-- RECORD SET follows --

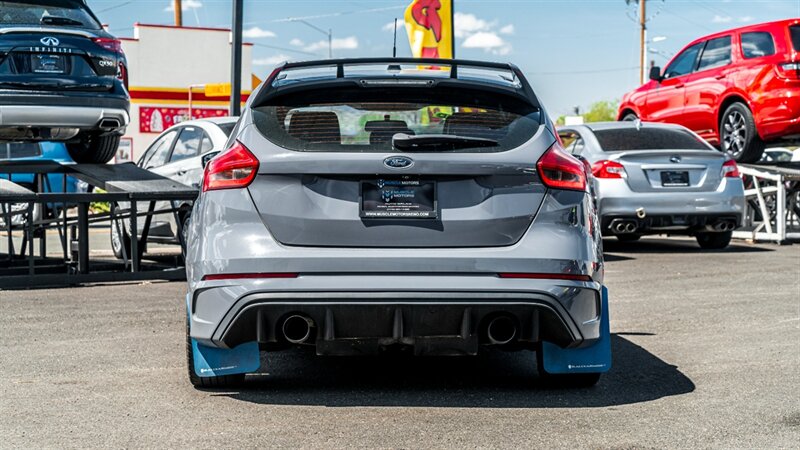 2017 Ford Focus RS photo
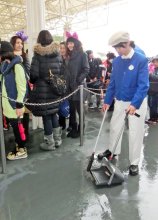 伝わる「伝説の掃除人」の教え　「毎日が初演」理念を実現　【東京ディズニーリゾート３０周年　解けない魔法】（６）徹底して清潔　（２０１３年４月１１日付千葉日報）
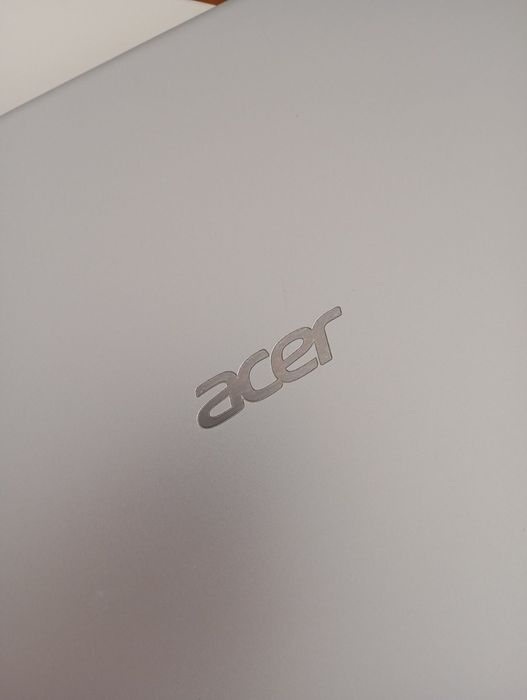 Лаптоп ACER със зарядно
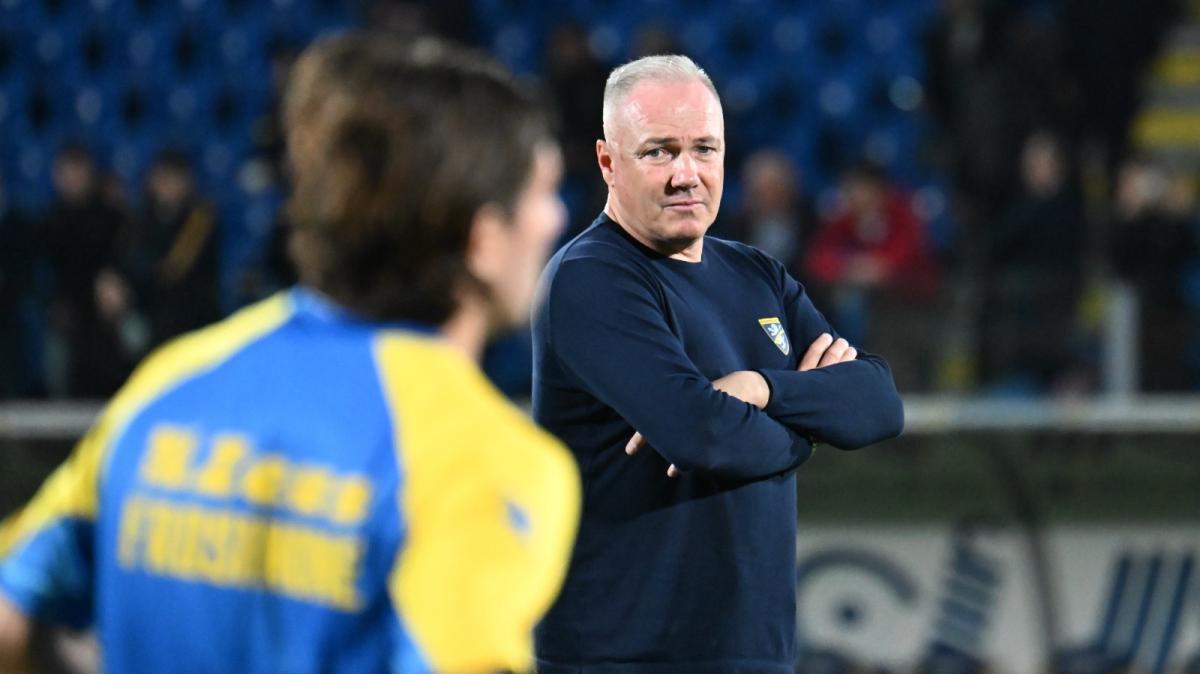 Frosinone, Alvini: "Nessuno si senta la maglia addosso. Salvezza? Sarebbe un percorso straordinario"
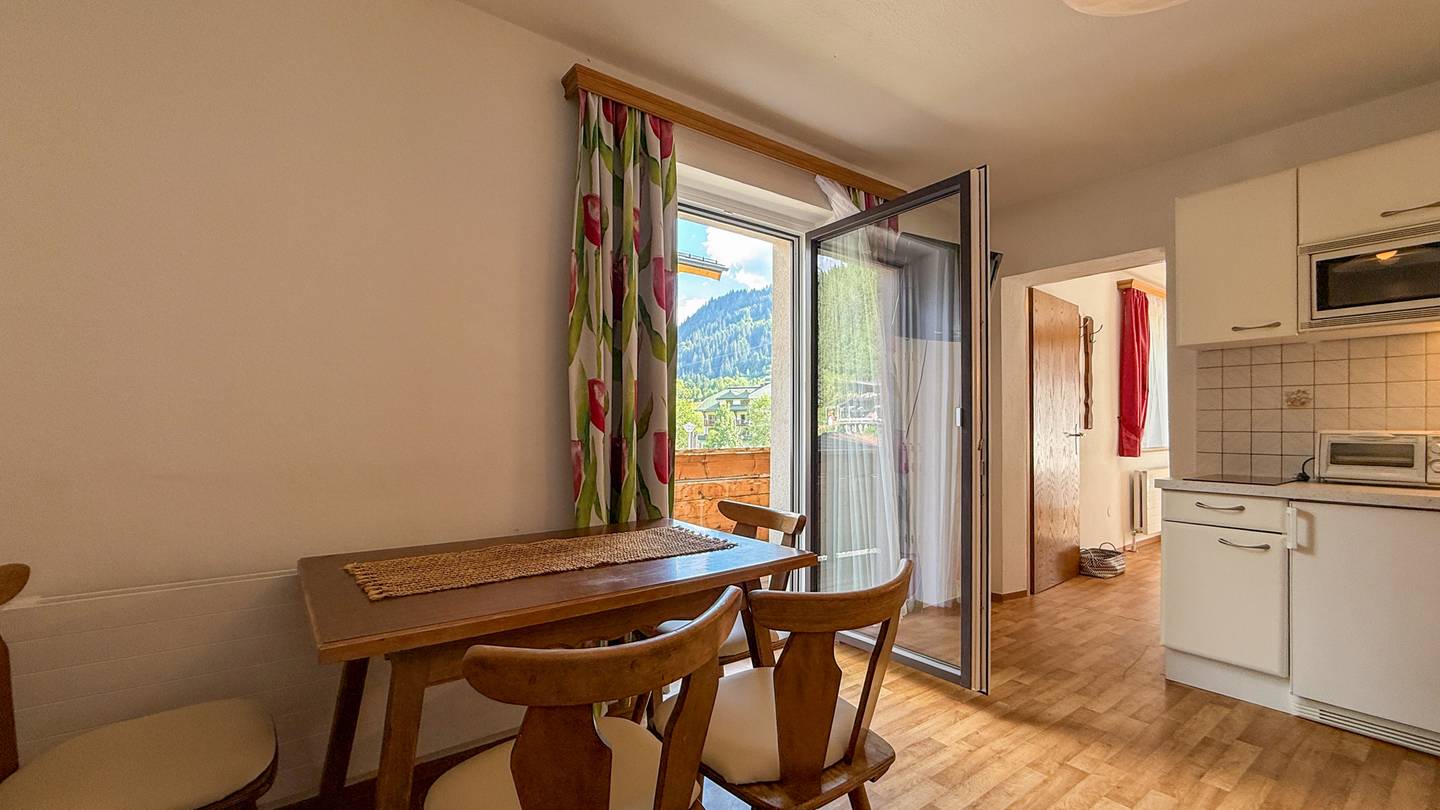 Sanierte 2 Zimmer Wohnung mit Balkon und Bergblick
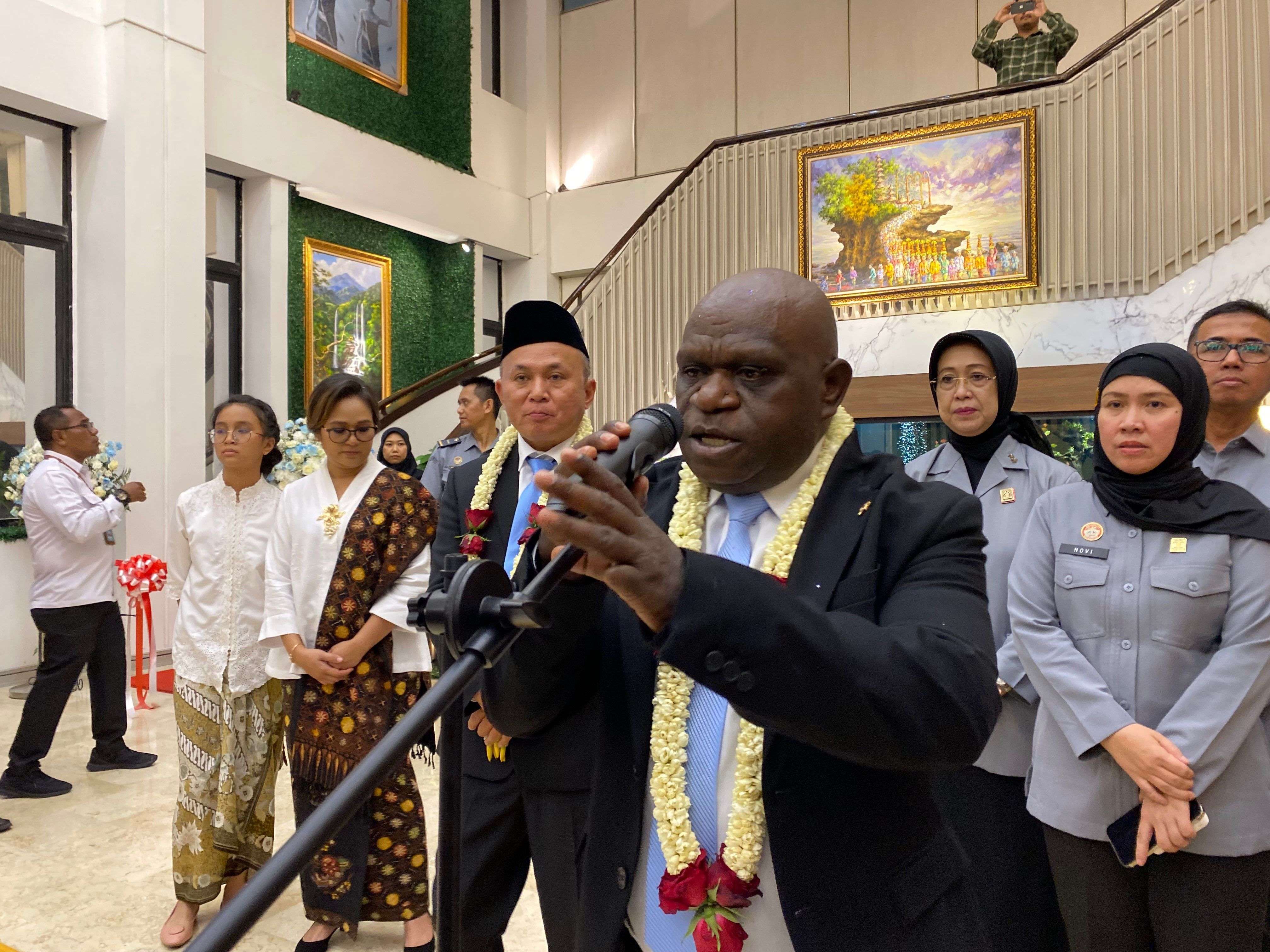 Natalius Pigai Ajak Pemuda Papua Jadi Petarung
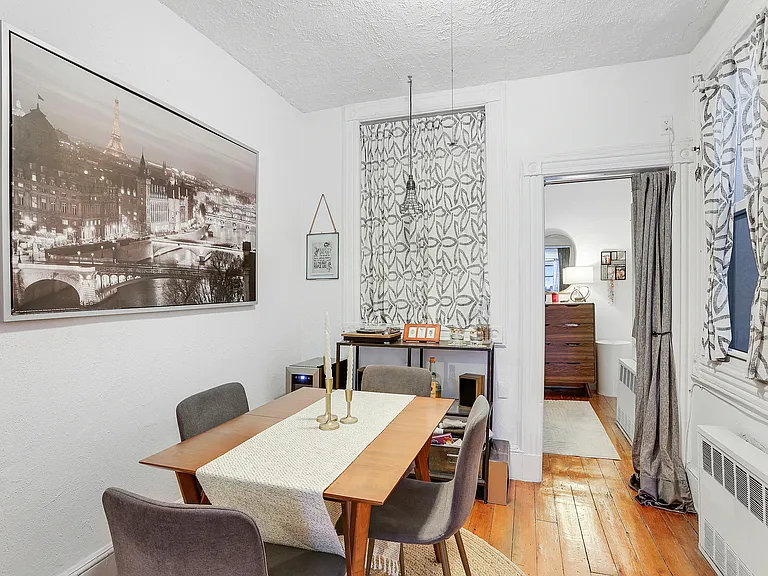 184 Franklin St #7 — Photo 5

-- RECORD SET concluded --

__PROMPT__
Give again, exactly, each line from the one that contains "Лаптоп ACER със зарядно" through the last line of the material above. Pictures do not belong in the copy.

__ANSWER__
 Лаптоп ACER със зарядно
 Frosinone, Alvini: "Nessuno si senta la maglia addosso. Salvezza? Sarebbe un percorso straordinario"
 Sanierte 2 Zimmer Wohnung mit Balkon und Bergblick
 Natalius Pigai Ajak Pemuda Papua Jadi Petarung
 184 Franklin St #7 — Photo 5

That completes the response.